Google, Facebook, Microsoft, and Twitter Partner on New Data Project
Facebook is participating in the Data Transfer Project, a collaboration of organizations, including Google, Microsoft and Twitter, committed to building a common way for people to transfer data into and out of online services.
Moving your data between any two services can be complicated because every service is built differently and uses different types of data that may require unique privacy controls and settings. For example, you might use an app where you share photos publicly, a social networking app where you share updates with friends, and a fitness app for tracking your workouts. People increasingly want to be able to move their data among different kinds of services like these, but they expect that the companies that help them do that will also protect their data.
These are the kinds of issues the Data Transfer Project aims to tackle.
The Data Transfer Project was formed in 2017 to create an open-source, service-to-service data portability platform so that all individuals across the web could easily move their data between online service providers whenever they want.
The DTP extends data portability beyond downloading a copy of your data from your service provider, to providing consumers the ability to directly transfer data in and out of any participating provider.
The protocols and methodology of DTP enable direct, service-to-service data transfer with streamlined engineering work.
The Project, which is in its early stages, comprises three main components:
Data Models are the canonical formats that establish a common understanding of how to transfer data.
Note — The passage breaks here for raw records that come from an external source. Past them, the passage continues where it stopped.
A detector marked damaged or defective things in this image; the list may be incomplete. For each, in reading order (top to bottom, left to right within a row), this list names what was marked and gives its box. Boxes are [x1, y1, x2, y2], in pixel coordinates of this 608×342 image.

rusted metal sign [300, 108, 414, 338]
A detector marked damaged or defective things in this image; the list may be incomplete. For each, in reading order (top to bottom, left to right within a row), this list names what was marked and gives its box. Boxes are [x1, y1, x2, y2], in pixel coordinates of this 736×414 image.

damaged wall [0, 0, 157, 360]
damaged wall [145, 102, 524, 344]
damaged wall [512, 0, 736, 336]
Adapters provide a method for converting each Provider's proprietary data and authentication formats into a form that is usable by the system. Task Management Library provides the plumbing to power the system. Data Models Data Models represent the data when being transferred between two different companies. Ideally each company would use interoperable APIs (e.g. ActivityPub) to allow data to flow between them. However in many cases that is not the case. In those cases there needs to be a way to transfer the data from one companies representation to another companies representation.
Data Models are clustered together, typically by industry grouping, to form Verticals. A Provider could have data in one or more Verticals. Verticals could be photos, email, contacts, or music. Each Vertical has its own set of Data Models that enable seamless transfer of the relevant file types. For example, the Music vertical could have Data Models for music, playlists and videos.
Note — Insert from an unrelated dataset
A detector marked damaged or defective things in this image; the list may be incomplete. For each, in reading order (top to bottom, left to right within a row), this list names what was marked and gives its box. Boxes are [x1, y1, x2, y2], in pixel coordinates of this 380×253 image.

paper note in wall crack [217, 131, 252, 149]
Ideally, a Vertical will have a small number of well-defined and widely-adopted Data Models. In such a situation, the generally accepted standard will be used as the Data Model for that Vertical across companies. This is not currently the case for most Verticals because Data Models have emerged organically in a largely disconnected ecosystem.
One goal of DTP is to encourage organizations to use common Data Models in their systems, which will happen if organizations take importing and exporting data into consideration when initially designing their systems or providing updates. Using a common Data Model will significantly reduce the need for companies to maintain and update proprietary APIs.
There are two main kinds of Adapters: Data Adapters and Authentication Adapters. These Adapters exist outside of a Provider's core infrastructure and can be written either by the Provider itself, or by third parties that would like to enable data transfer to and from a Provider.
Data Adapters Data Adapters are pieces of code that translate a given Provider's APIs into Data Models used by DTP. Data Adapters come in pairs: an exporter that translates from the Provider's API into the Data Model, and an importer that translates from the Data Model into the Provider's API.
Authentication Adapters Authentication Adapters are pieces of code that allow consumers to authenticate their accounts before transferring data out of or into another Provider. OAuth is likely to be the choice for most Providers, however DTP is agnostic to the type of authentication.
The Task Management Libraries handle background tasks, such as calls between the two relevant Adapters, secure data storage, retry logic, rate limiting, pagination management, failure handling, and individual notifications. DTP has developed a collection of Task Management Libraries as a reference implementation for how to utilize the Adapters to transfer data between two Providers. If preferred, Providers can choose to write their own implementation of the Task Management Libraries that utilize the Data Models and Adapters of DTP.
DTP is still in very active development. The companies "welcome everyone to participate," saying that "the more expertise and viewpoints we have contributing to the project the more successful it will be."